- Born: April 17, 1969 (age 57) Pasadena, California, U.S.

Previous series
- 1995-1998 1994 1993: Indy Lights Barber Saab Pro Series Skip Barber Formula Dodge

= Mark Hotchkis =

American racing driver

Mark Hotchkis (born April 17, 1969) is an American former racing driver from Pasadena, California.

==Racing career==
After graduating from the Bob Bondurant School of High Performance Driving and the Elf-Winfield School first in class, Hotchkis started competitive racing in karting in 1993. Hotchkis made his auto racing debut in 1993. In the regional Formula Dodge championships. Hotchkis won the Rookie of the Year title in the Western and Midwestern championships. He captured another five wins in the Eastern championship.

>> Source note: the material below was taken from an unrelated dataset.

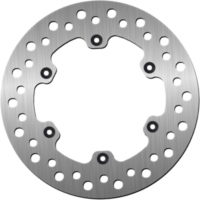 Brake disk NG 0676 220 mm, fixed (FXD)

For 1994, Hotchkis graduated into the Barber Saab Pro Series. In his first race at Bicentennial Park in Miami, Hotchkiss finished eleventh. Near the end of the season with three rounds to go, Hotchkis was placed third in the championship. As Hotchkis won both races at Road America and placed second in the season finale at Phoenix International Raceway, he beat Juan Pablo Montoya for the second place in the standings. The following year, Hotchkis moved into Indy Lights, finishing seventh in points. He captured his first win the following year from the pole at the Milwaukee Mile and finished a career best fifth in points. He drove for Team Green in 1997 but failed to win and again finished seventh in points. He competed part-time in 1998 and won his final Indy Lights race, the season finale at California Speedway.

==Personal life==
Hotchkis is an alumnus of Chapman University where he studied legal studies. Hotchkis is now involved with his brother John's company, Hotchkis Sport Suspension, which designs and markets high performance suspension systems for classic muscle cars. Mark and John also own a classic Porsche 962 race car that they campaign in various vintage races.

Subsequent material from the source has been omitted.